Starting with the line that contains "Duberneuilh's + Melanoma", copy every line through the end of the listing, exactly and only those. No pictures should appear in the copy.

(DATASET SECTION begins)

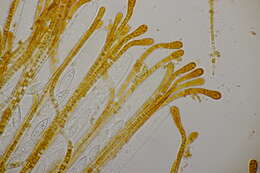 Image of Byssonectria fusispora (Berk.) Rogerson & Korf 1971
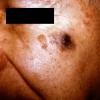 Duberneuilh's + Melanoma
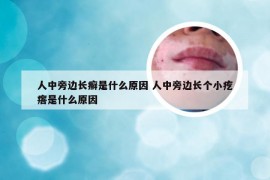 人中旁边长癣是什么原因 人中旁边长个小疙瘩是什么原因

(DATASET SECTION ends)

### EXERCISE OUTPUT
 Duberneuilh's + Melanoma
 人中旁边长癣是什么原因 人中旁边长个小疙瘩是什么原因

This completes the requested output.